Ultimately my curiosity and sense of wonder overtook my fears. Before I could change my mind, I packed up a box full of flower pots and wood blocks, got in the car, and hit the road. I’m so glad I went. Kenzie was extremely welcoming, and despite my nerves, I ended up finding my place within a group of 18 strangers faster than I ever expected would be possible. I remember becoming overwhelmed with emotions through a particularly breathtaking moment of creation. I'd found a community of like-minded musicians, where we could explore creativity in a way I never thought I was capable of! I don't think I'd ever felt so connected inside of a musical group before.
The ending was bittersweet; Kenzie was officially moving to L.A. by the end of the week. I had this feeling I wouldn’t get to jam with her and my new friends for quite some time.
Then COVID19 hit the U.S. We all felt the dramatic change in our lives. Of all the things that could possibly continue during such an uncertain time, I never imagined the jams would be one of them.
But I quickly learned something: Kenzie has a way of making the seemingly impossible a reality. By the end of April, she had already explored virtual jam sessions with several people and had completed a few successful runs.
Upon learning this, I had so many questions, primarily “how?”. When so many musicians are struggling to do virtual live rehearsing together due to latency issues, what did Kenzie figure out that others haven’t? Kenzie’s answer to this was absolutely mind-blowing:
Instead of treating [latency] as a problem, let’s embrace the out-of-sync manner in which we perceive each other as a feature of the music—and not an obstacle to its creation.
(Of course, with Conduction, our collaborations were never truly restricted to absolute tempo in the way that many other musical groups are, but treating the latency between players with kindness and integrating it into our practice has made virtual jams incredibly rewarding.)
As Kenzie and I got to know each other more, I became more involved, working with her outside of jams. It started off in late May as just a conversation—just me picking Kenzie’s brain about the jams and improv. She had so many incredible ideas she wanted to actualize, and I found myself wanting to help her make it all possible. We decided to form a partnership based on community and improvisation.
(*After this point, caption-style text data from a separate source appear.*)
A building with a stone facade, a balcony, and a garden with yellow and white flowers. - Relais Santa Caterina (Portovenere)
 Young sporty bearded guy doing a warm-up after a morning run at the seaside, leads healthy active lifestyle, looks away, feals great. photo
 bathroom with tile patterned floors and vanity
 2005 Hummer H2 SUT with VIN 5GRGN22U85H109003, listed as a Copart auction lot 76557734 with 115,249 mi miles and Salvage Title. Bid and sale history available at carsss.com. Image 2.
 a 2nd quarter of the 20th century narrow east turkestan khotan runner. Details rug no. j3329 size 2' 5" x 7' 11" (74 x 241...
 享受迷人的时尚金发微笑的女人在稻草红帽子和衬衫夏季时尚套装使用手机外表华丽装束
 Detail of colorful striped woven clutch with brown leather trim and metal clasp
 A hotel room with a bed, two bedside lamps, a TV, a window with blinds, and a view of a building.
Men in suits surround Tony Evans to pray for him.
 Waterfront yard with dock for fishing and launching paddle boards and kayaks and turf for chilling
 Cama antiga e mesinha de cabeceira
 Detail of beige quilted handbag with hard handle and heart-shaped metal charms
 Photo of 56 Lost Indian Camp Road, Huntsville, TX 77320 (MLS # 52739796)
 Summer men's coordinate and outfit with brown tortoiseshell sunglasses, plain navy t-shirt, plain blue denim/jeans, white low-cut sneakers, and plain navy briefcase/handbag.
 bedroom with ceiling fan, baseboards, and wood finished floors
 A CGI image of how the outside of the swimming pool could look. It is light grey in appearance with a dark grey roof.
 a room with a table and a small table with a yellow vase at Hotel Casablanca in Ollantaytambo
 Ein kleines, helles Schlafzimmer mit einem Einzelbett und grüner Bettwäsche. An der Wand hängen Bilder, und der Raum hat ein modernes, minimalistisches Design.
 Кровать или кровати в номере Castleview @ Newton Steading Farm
8 virtual jams and one month of planning and organizing later, Space Whales Chamber Improv is beginning to come together. We're using Conduction and improv theater concepts to develop more ideas for virtual jams, and we have classes and shows coming up in July! We've also got grander plans to build community that we hope to share with you soon.
Even though this is just the beginning, with each day we continue our work, I feel this puzzle piece become more and more detailed in my mind. What was once so new and still fuzzy now appears sharper, the curves and edges already lining up with other pieces of my life. I have a feeling it isn't a corner or edge piece, but one that belongs somewhere in the center of this picture. Where exactly it goes or what that means remains to be seen! But I find myself looking to the future with a greater sense of purpose than ever before.